If the literary hallmarks of Victorian neo-gothic romanticism were not still prevalent in our own culture today, there would be no need to explicate them, any more than those of Attic satyr plays or medieval allegories. The advents of cellphones and the internet have done nothing to diminish the popularity of lurid fables involving wealthy eccentrics in secluded environments, however.
What distinguishes Jen Silverman's deconstructive dissection of an entertainment genre reflecting 18th- and 19th-century consumer sensibilities from the slapstick spoofery of, say, Mel Brooks, is the feminist subtext she applies to the theme of repressed women driven to homicide in their desperation to escape the torpor imposed on their gendercircumstances mitigating (if not entirely justifying) the extreme solutions echoed in the fates of the lonely Mastiff and the timid Moor-Hen he befriends, whose actions are determined solely by natural law.

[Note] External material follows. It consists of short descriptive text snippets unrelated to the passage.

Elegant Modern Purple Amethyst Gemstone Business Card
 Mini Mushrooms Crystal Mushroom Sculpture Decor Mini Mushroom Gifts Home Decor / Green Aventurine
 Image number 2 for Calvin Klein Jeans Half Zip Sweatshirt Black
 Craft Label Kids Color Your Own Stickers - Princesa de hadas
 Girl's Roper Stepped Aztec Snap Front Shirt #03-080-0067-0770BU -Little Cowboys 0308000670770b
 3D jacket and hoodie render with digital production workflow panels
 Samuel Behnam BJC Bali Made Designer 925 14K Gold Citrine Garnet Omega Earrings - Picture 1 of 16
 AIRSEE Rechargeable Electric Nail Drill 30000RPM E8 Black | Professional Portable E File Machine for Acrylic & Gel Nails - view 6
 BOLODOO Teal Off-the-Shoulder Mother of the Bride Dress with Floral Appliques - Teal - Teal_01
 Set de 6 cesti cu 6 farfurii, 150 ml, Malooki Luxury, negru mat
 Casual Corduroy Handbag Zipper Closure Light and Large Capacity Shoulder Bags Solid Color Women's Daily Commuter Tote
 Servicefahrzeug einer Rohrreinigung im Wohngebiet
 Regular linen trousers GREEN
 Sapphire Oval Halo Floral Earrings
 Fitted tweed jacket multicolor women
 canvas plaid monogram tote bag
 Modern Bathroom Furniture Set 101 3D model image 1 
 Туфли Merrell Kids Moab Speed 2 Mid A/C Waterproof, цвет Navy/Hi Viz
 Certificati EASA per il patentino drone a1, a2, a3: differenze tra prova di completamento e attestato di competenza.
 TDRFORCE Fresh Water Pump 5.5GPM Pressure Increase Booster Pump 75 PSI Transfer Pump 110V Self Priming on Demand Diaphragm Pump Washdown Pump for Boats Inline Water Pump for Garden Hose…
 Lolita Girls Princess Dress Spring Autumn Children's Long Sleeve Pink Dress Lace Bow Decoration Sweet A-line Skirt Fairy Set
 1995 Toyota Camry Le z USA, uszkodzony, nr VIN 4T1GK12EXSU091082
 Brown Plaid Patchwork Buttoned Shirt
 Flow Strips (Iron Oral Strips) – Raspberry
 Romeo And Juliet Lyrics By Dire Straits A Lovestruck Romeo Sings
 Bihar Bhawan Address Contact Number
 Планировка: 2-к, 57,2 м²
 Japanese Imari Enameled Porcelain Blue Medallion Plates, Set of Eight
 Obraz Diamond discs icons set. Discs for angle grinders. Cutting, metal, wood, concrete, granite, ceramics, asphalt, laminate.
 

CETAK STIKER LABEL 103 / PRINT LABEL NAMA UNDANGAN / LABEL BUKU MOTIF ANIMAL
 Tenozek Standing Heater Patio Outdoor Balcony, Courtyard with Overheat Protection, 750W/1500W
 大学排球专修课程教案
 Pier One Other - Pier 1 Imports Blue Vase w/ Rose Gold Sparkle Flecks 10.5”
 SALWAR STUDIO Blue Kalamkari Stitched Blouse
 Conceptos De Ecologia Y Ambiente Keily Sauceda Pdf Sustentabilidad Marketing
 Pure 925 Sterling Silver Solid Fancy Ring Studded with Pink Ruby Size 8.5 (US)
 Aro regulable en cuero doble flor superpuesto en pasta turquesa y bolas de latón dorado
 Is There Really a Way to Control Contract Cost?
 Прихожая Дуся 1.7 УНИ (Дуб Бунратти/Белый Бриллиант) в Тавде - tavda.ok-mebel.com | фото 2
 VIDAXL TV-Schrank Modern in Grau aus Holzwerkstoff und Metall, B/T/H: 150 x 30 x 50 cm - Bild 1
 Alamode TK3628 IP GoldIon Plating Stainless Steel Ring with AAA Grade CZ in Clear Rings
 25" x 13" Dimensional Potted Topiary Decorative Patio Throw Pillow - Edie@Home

Further elevating Silverman's analysis above mere academic abstraction is the disciplined restraint displayed in this return to live performance by Red Orchid Theatre in their likewise secluded (and often chilly) storefront studio. Despite the close proximity of the anachronism-riddled stage, under the direction of Kirsten Fitzgerald, the ensemble of actors (including, for the January 21 performance, understudy Matthew Lunt, substituting for Guy Van Swearingen in the role of the introspective canine), never betray the grim premise of their dramatic universe with self-indulgent campiness.
Indeed, Anglophiles whose imaginations can reconcile the faux-Bronte/Shelley/Poe ambience with secret journals sporting fuzzy pink Hello-Kitty covers, hoop-skirted gowns decorated with shiny steel zippers and a tartan-clad Highland Games punk-princess may choose to ignore the satirical commentary altogether and revel in the shivery thrills.